Unter der Rutsche stieg das Wasser so hoch, dass es sogar schon Wellen schlug und 30cm hoch war.
Alle Kinder hatten Angst und weinten. Am meisten Angst hatten die Erstklässler.
Es kam sogar soweit, dass in der Klasse 4a Wasser durch ein Fenster kam.
Dann lief auch noch vom Schulhof und aus dem Kies, der voll gesogen war, das Wasser unter der Türe hindurch in den Altbau. So entstand eine 40cm hohe Pfütze.
Es mussten sogar Eltern von Kinder mit Besen das Wasser aus dem Altbau schieben.
Nun kam sogar auch noch die Feuerwehr und nahm Steine aus dem Boden und den Teppich raus, damit das Wasser versickern konnte.
Es wurde Nachmittag und das Unwetter zog vorbei, jetzt wurde es Nacht.

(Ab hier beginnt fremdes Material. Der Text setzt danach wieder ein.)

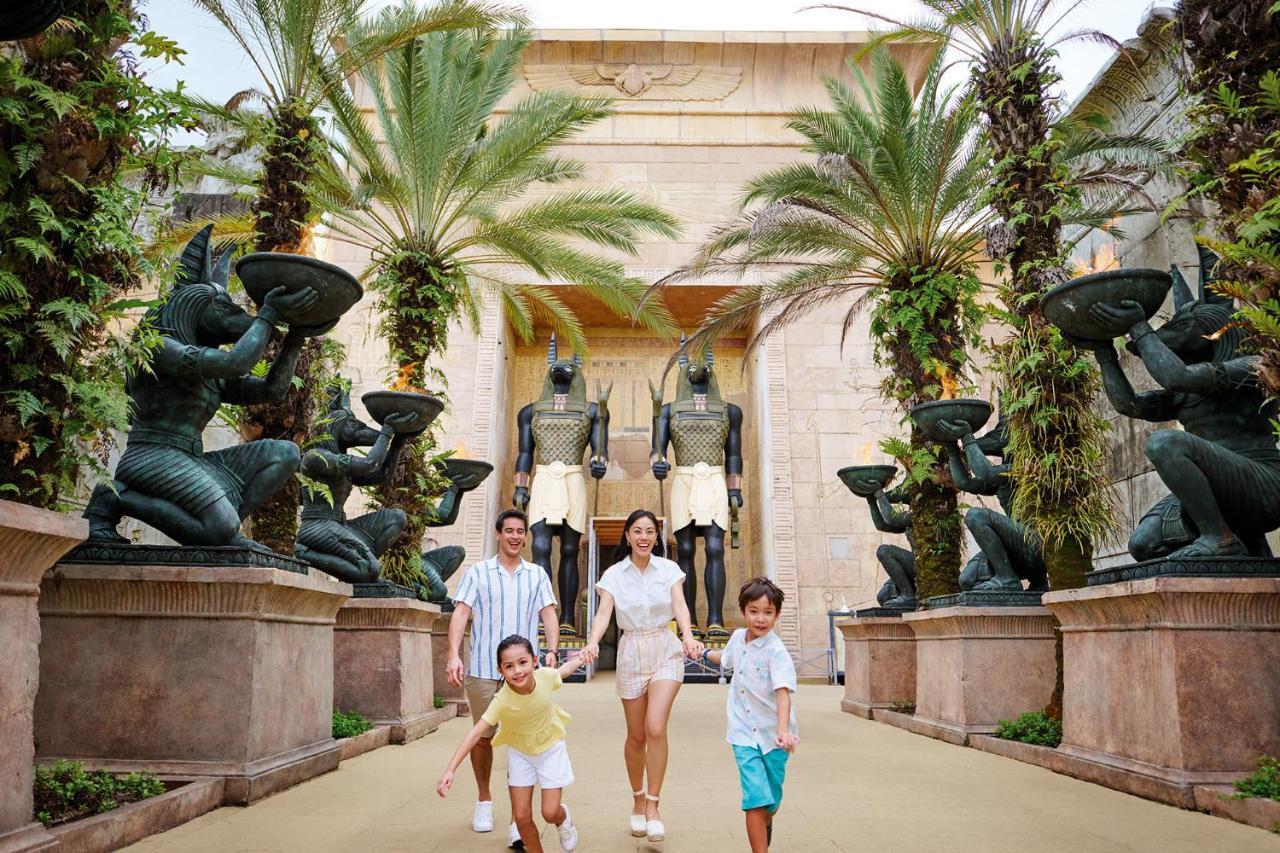 Resorts World Sentosa - Crockfords Tower Singapore Exterior photo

Am nächsten Tag war alles wieder trocken und normal, außer dass der Schulhof voller Dreck und voller Pfützen war und dass der Kies pitschnass war.
Von Paula

Das Unwetter
Am 20.06 2013 war ein ganz schönes Unwetter.
Dieses Unwetter war so stark, dass der Flur des Altbaus total unter Wasser war.

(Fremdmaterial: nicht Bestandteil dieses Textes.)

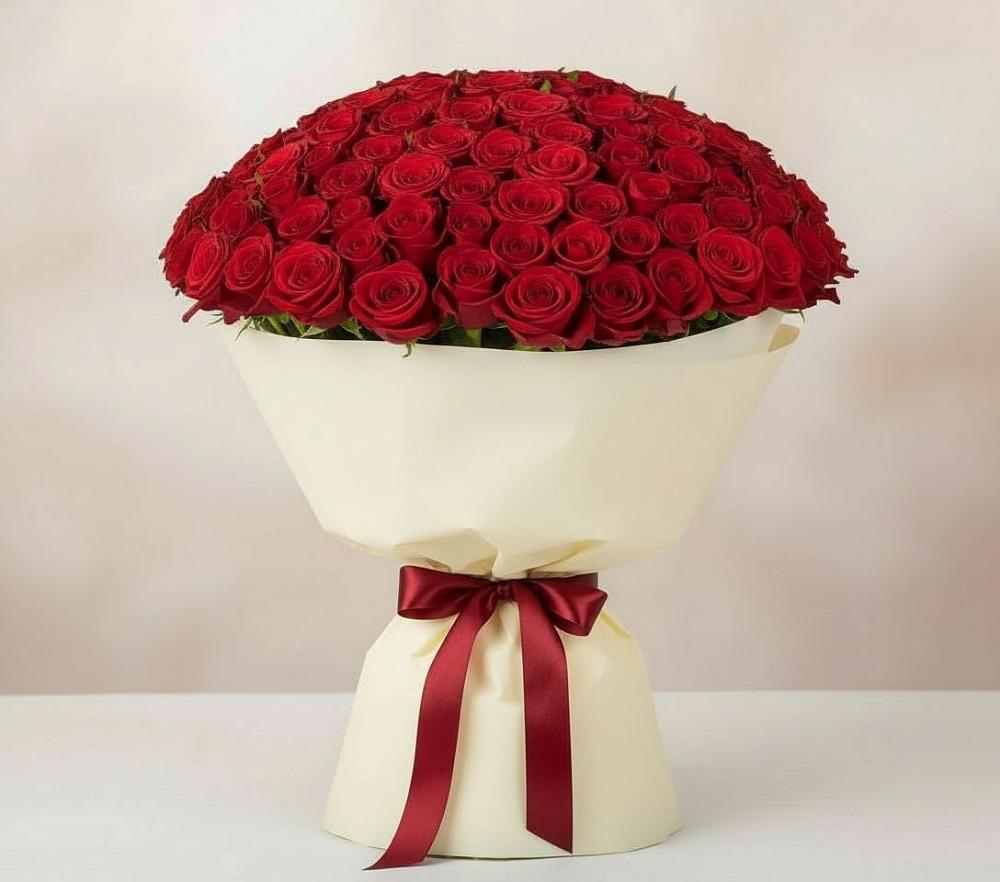 Букет 101 Красная роза Милано в Устье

Der Kies war einen Tag später voll mit Schlamm und Dreck, vor allem an der Hauswand war ein riesiger Haufen von Kies.
Auf dem Schulhof war ein richtiger Bach.
Frau Stein, unsere nette Hausmeisterin, hat ihr Haus direkt nebenan. Der Kies vor ihrem Haus war auch völlig weggeschwommen.
Im Neubau(Klasse 4a)war auch Wasser, die Computer wurden natürlich sofort ausgemacht. Von dem Klassenraum der Klasse 4a kann man schön in den Wald gucken: dort war ein Baum umgefallen.
Der ganze Schulhof und fast die ganze Schule stand unter Wasser, doch die Lehrer haben fürsorglich dafür gesorgt, dass die Schäden beseitigt werden. Da es aber nicht aufhörte, half alles nichts und sie mussten die Feuerwehr rufen, denn sie haben es nicht alleine geschafft.
Die Aufführung von Lena Dunkelblau am nächsten Tag konnte zum Glück stattfinden.